Da quanto aveva in mente di salutare così i tifosi?

«Da tempo ci pensavo. Ho smesso da un anno ma ero troppo deluso per la retrocessione e in quel momento non era il caso di fare festa. Sono felicissimo per l’affetto che tutti mi hanno dimostrato e per aver rivisto tanti amici».

I tifosi le hanno regalato una standing ovation.

«Sono cresciuto insieme a loro. Un’accoglienza così è il massimo. E’ vero, ho pianto anche questa volta ma era impossibile non emozionarsi».

Se dovesse scrivere una canzone per raccontare il suo rapporto col Cagliari Calcio come la intitolerebbe?

«Grande amore. Per me indossare la maglia rossoblù è stato questo. Ogni volta che la mettevo, mi è successo anche oggi, mi venivano i brividi, sentivo quasi una scossa».

Tre fotogrammi che racchiudono tutta la sua storia calcistica?

«La coreografia che oggi il pubblico ha preparato per me; l’abbraccio ai miei figlio dopo i gol segnati al Torino, immagine che mi accompagna sempre; l’abbraccio ai miei ex compagni, coi quali ci vediamo poco perchè alcuni stanno dall’altra parte del mondo. Sono sensazioni che è difficilissimo raccontare con le parole».

Come ha fatto a convincere Massimo Cellino a tornare al Sant’Elia?

«È stato il mio presidente per tanti anni. Col quale ci sono state frizioni e forse ho sbagliato a dire certe parole nei suoi confronti. Ma in quel momento per me contava solo il Cagliari. Tra me e lui c’è stima e rispetto. Non mi aveva promesso che sarebbe venuto ma nel mio cuore sapevo che sarebbe stato qui».

Qual è l’allenatore a cui si sente più legato?
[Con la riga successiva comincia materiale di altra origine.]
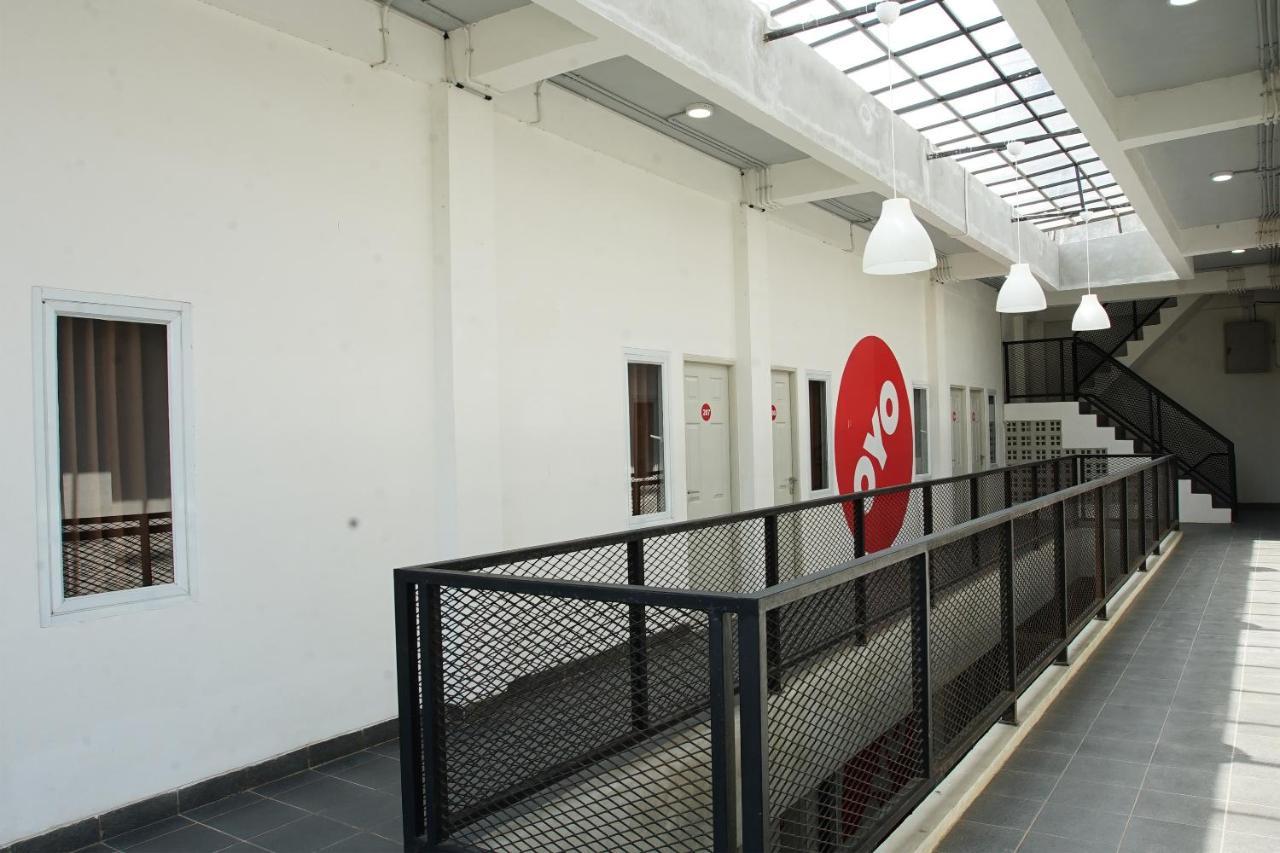 Oyo 183 The Pipe House Hotell Palembang Eksteriør bilde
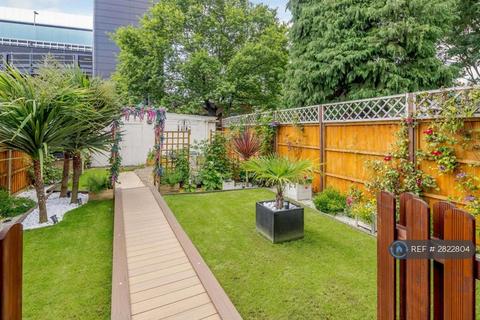 undefined, Springvale Avenue, Brentford, TW8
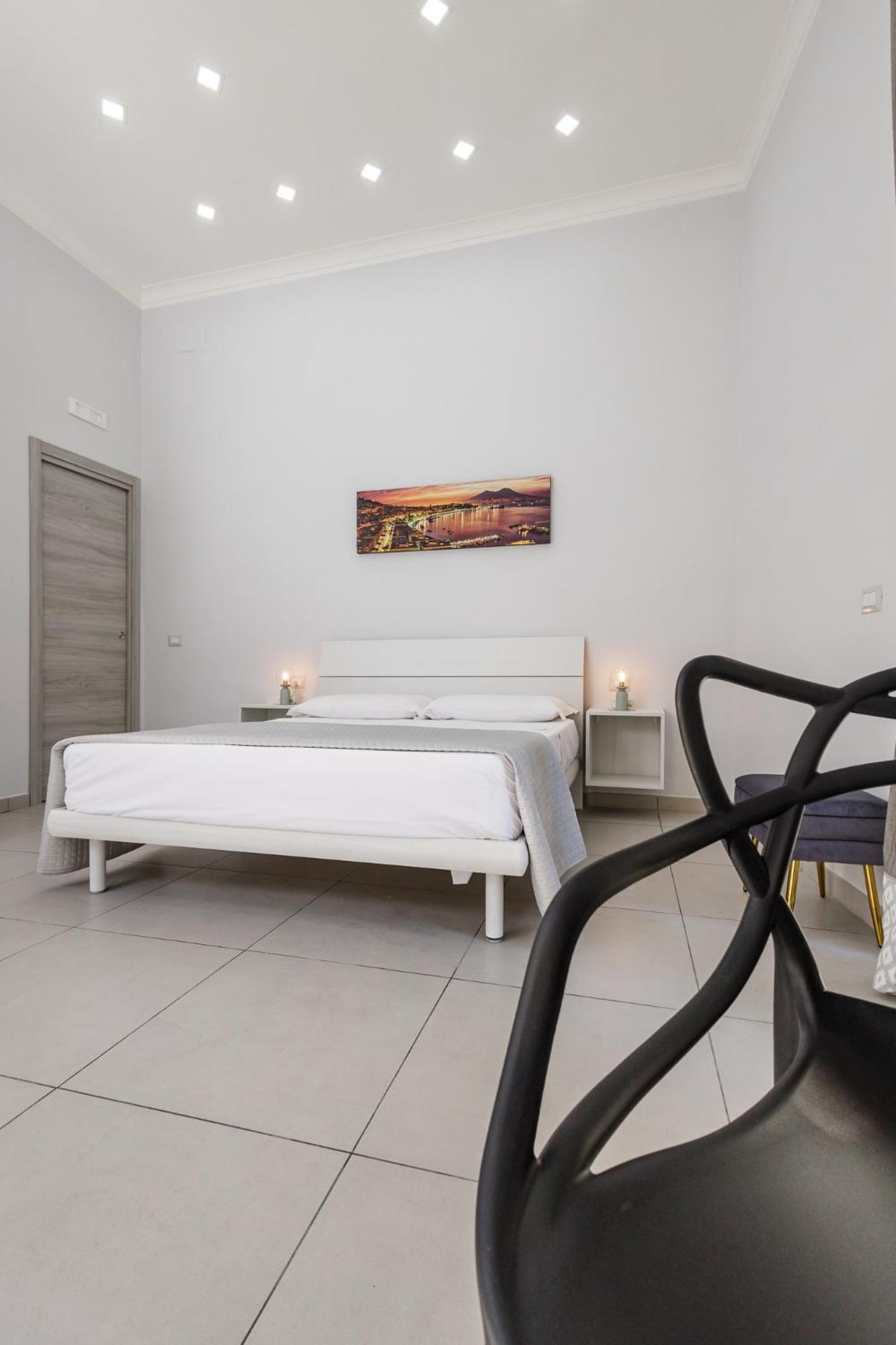 Caroline'S House Otel Napoli Dış mekan fotoğraf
Sono tanti quelli che ho avuto in questi sedici anni. Ma se proprio devo fare un nome dico Massimiliano Allegri. Lui mi ha insegnato tanto. Era già avanti con le idee e sono felice che stia vincendo tutto. Ha mantenuto la stessa umiltà di quando allenava il Cagliari e ogni volta che ci abbiamo giocato contro, è sempre venuto negli spogliatoi per ringraziarci del lavoro fatto insieme».

Bruno junior assomiglia calcisticamente più a lei o a suo papà?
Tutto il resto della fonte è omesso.